The aim of the “Dry January” challenge is to raise awareness of the effects of alcohol use. In the UK, statistics suggest that alcohol misuse is the biggest risk factor for death, ill health and disability among 15-49 year olds and the fifth biggest risk factor across all ages [6]. According to same study, 24% of the population regularly drank over the recommended guidelines. The Office of National Statistics found that over 27% of drinkers in Great Britain binge on their heaviest drinking days (over 8 units for men and 6 units for women). Alcohol is often linked to mental health problems and the rates of alcohol dependence in people diagnosed with mental health problems is estimated to be almost twice as high as the general population. Pretty striking, right?

So is Dry January worth it?

There is little doubt that having a good relationship to alcohol across the year is better than opting for an alcohol free month. However, given that lots of people struggle with this, is giving up alcohol for a month worth it?

Research looking at the impact of Dry January looks pretty promising. In 2014 a study by the University of Sussex found 72% of those taking part sustained the reduced levels of harmful drinking (above recommended limits) 6 months after completing a month alcohol free. Another study which looked at the impact of Dry January on on moderate drinkers (people drinking around the levels of recommended limits), showed improvements in various areas including concentration and sleep patterns, as well as reduced cholesterol and lower glucose levels, lower blood pressure, weight loss overall, and losing 40% of their liver fat.

Whatever your thoughts, any attempt to improve your relationship with alcohol should be applauded!

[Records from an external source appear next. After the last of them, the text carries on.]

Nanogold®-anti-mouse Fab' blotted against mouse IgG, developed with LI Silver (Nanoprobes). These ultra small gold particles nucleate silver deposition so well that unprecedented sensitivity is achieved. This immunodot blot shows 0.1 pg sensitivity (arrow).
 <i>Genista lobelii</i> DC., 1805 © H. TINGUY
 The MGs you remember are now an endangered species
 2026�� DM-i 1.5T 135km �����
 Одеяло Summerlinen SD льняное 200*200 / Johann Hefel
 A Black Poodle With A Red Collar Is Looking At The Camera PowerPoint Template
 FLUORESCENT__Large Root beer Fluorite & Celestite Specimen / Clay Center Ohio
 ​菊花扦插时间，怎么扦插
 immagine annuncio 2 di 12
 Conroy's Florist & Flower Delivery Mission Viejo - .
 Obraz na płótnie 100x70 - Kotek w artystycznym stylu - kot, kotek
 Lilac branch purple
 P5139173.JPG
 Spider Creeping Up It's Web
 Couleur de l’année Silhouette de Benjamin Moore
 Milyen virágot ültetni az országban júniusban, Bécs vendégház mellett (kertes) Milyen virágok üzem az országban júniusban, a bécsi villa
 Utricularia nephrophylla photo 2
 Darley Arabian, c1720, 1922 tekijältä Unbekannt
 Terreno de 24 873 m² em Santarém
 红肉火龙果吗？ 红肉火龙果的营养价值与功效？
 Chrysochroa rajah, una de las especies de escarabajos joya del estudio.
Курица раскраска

But.... we know that changing habits is not easy! If you are doing Dry January or just trying to moderate your relationship to alcohol, here are some tips to improve the likelihood of success:

  • Focus on why you are making changes- imagine what it will feel like to achieve your goals. Why is it important to you?

  • Be practical and realistic with your goals. Celebrate every achievement along the way - not just the end goal.

  • Try to pre-empt challenges that might get in the way and make a plan to problem-solve them.

  • Notice what beliefs might be getting in your way like “I won’t be able to have fun if I don’t drink”. Recognise these are just thoughts -something you have been told or something you tell yourself- nothing more.

  • When you are struggling, give yourself encouragement. Accept that it is inevitable that you will struggle at times -remind yourself that this is temporary and won’t last. Reach out if you need support. Below is a list of organisations that can help.

Drinkaware: confidential helpline for anyone who is concerned about their drinking, or someone else's 0300 123 1110

We are with you (formerly Addaction): UK wide agency supporting anyone with alcohol-related issues 0808 8010750

Alcohol anonymous (AA), supporting individuals with addiction. 0800 9177650

Al-ANON: helping family and friends affected by someone else’s drinking 0800 008 6811


[1] Alcohol Concern Academic research reveals Dry January leads to less drinking all year round.

[3] Institute of Alcohol Studies. Alcohol and Mental Health. 2004. Cambs, Institute of Alcohol Studies

[4] Mental Health Foundation (2006). Cheers? Understanding the relationship between alcohol and mental health. Online.

[5] Office for National Statistics (2018). Adult drinking habits in Great Britain: 2017.

[6] Royal Free London. NHS Foundation Trust Dry January results “staggering”.